Les glaces en vedette
Curieusement, alors que la communauté scientifique internationale s’accorde depuis 1997 au moins à constater que des changements climatiques sont à l’œuvre, les glaces n’ont pas été prises en compte par l’Ifremer en tant qu’indicateur climatique avant le changement de millénaire. Pour Robert Ezraty, le salut est venu d’Europe. Des chercheurs danois et norvégiens sont venus le trouver parce qu’ils avaient besoin d’un outil d’identification des différents types de glace. Avec, à la clé, « un contrat magnifique de l’Europe », se réjouit-il. C’est là qu’il a mis au point le programme de dérive des glaces, un programme de traitement informatique de données, qui calcule quotidiennement la dérive des glaces. Un second contrat européen a suivi, assurant l’autonomie de Robert Ezraty dans sa discipline. « Jusqu’à ce qu’un jour, voici six ans, un directeur opérationnel nous arrive du Centre national d’études spatiales. Il était engagé dans les histoires de climat et avait compris que la glace pouvait servir d’indicateur climatique.
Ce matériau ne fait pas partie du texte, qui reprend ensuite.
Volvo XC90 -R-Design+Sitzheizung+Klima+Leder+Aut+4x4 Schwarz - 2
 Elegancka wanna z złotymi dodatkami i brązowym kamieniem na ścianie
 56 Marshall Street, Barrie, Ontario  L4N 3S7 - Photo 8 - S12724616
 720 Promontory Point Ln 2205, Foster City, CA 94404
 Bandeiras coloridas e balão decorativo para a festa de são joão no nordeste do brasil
Il est parvenu à financer une jeune post-doc, Fanny Ardhuin, qui est venue travailler avec moi alors que j’étais seul sur le sujet. Au bout de trois ans, elle a été titularisée. Elle a finalisé des produits qui intéressent fort les Britanniques, les Norvégiens et les Allemands et aujourd’hui les français du projet Mercator. »
Un peu de fantaisie…
Du côté des glaces, la relève est donc assurée. Mais Robert Ezraty se dit sceptique sur la suite de la recherche scientifique. Il regrette la perte de l’esprit « loufoque » qui prévalait dans les années 70, assurant que le « grain de folie » est indispensable pour faire germer des idées porteuses, dans les quinze ou vingt ans, d’un instrument innovant et permettant de répondre à des demandes précises. « Quand nous nous retrouvions au café, voici vingt ans, nous rêvions de capteurs qu’il suffirait de jeter à l’eau, qui navigueraient de façon autonome et retourneraient tout seuls à bord une fois leur mission faite… Pour les moyens techniques de l’époque, c’était vraiment du délire. Il n’empêche que l’idée a mûri et qu’ils fonctionnent, aujourd’hui, les fameux gliders, ces planeurs qui ressemblent à des mini sous-marins ; il ne leur reste plus qu’a sauter à bord ! »
Du temps, un peu d’argent, des jeunes et de l’imagination… la clé de la recherche scientifique serait là.